SYLLABUS (Game Theory, Spring 2019)

0. What is Game Theory? (Mathematics has provided insight into two types of games - situations which involve "conflict" or the making of decisions: i. combinatorial games include chess, checkers, Nim, Hex, etc. and ii. political and economic games including Prisoner's Dilemma and Chicken. We will deal primarily with the latter but will also deal with related "fairness" topics such as elections and voting, two-sided markets, bankruptcy, fair division, and apportionment. In particular we will discuss game theory aspects of the November, 2018 US elections (all 435 members of the House of Representatives were selected as well as about 1/3 of the Senate). In 2020 there will be a census of the US population which raises issues about new legislative district lines for 435 House of Representatives districts, and the gerrymandering of these districts. Often the issue is to understand what it means to be fair and/or behave in a rational fashion in a wide variety of contexts.)

1. Taxonomy of games (Number of players, zero-sum games, non-zero-sum games, cooperative and non-cooperative games. Utility: transferable and non-transferable utility. Values for games: equilibrium concepts, Shapley value.)

2. 2-person zero-sum games (Matrix games, pure strategies, using spinners to find optimal mixed strategies; fair games; connections with linear programming.

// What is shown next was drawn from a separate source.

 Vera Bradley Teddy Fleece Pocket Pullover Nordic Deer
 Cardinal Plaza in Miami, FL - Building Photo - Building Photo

Applications in economics and political science.)

3. 2-person non-zero sum games (Prisoner's Dilemma, Chicken, Nash equilibria, congestion games; Braess's Paradox, price of anarchy. Rationality - connections to behavioral and experimental economics.)

4. Two-sided markets (Gale/Shapley models) (Matchings. Stable marriage. Gale/Shapley models, deferred acceptance algorithm; male optimal - female optimal stable solutions; school choice and other applications, kidney exchange.)

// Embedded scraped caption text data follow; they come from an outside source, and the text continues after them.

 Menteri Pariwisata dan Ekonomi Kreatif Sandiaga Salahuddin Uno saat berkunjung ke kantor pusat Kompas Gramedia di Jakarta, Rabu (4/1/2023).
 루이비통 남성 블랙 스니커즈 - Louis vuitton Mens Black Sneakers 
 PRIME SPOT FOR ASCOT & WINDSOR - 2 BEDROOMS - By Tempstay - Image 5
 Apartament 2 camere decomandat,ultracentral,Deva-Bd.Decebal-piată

5. Elections and voting (Plurality, run-off, Instant run-off elections, Borda count, Condorcet methods, approval voting. Arrow's Theorem.) Contrasting ranking systems with grading systems (Majority judgement).

6. Bankruptcy (Proportionality, Maimonides gain and loss, the concede and divide rule and the talmudic method.)

7. Apportionment (Hamilton's, Jefferson's, Webster's and Huntington-Hill's methods. House and population monotonicity. Balinski-Young Theorem.)

8. Combinatorial Games (Nim, graph games. Nim addition and hackenbush.)

Note: Game Theory is not a standard topic in the K-12 curriculum. This course will show how game theory topics can be infused into the usual curriculum (including Standards based curriculum) as ways of illustrating results in arithmetic, algebra, geometry, probability and statistics.

Text: (No one book covers what will be treated in this course. Class notes will be available.)

You may want to look at:

Gura, Ein-Ya and M. Maschler, Insights into Game Theory, Cambridge U. Press, New York, 2008.

which originated as a doctoral thesis in mathematics education in Israel.

Other books you might want to look at is:

Straffin, Philip D. Game theory and strategy. Vol. 36. MAA, 1993. (MAA has issued an updated version of this book.)

DeVos, Matt and D. Kent, Game Theory: A Playful Introduction, American Mathematical Society, Providence, 2016.

Assignments will be in the form of handouts and not from these books.

There will be problems sets to be handed in (several weeks after they are distributed in class), no midterm, but an in class final on the last scheduled day of class. Students taking the "doctoral" version of the course will also have to hand in a project towards the end of the semester. The project is optional for other students.

Readings and materials related to the course will be available at:

https://www.york.cuny.edu/~malk/gametheory/index.html

Most but not all items distributed in class will be available, usually as pdf files, on the web page above.

Please call to my attention any errors which you notice on the webpage above or on handouts.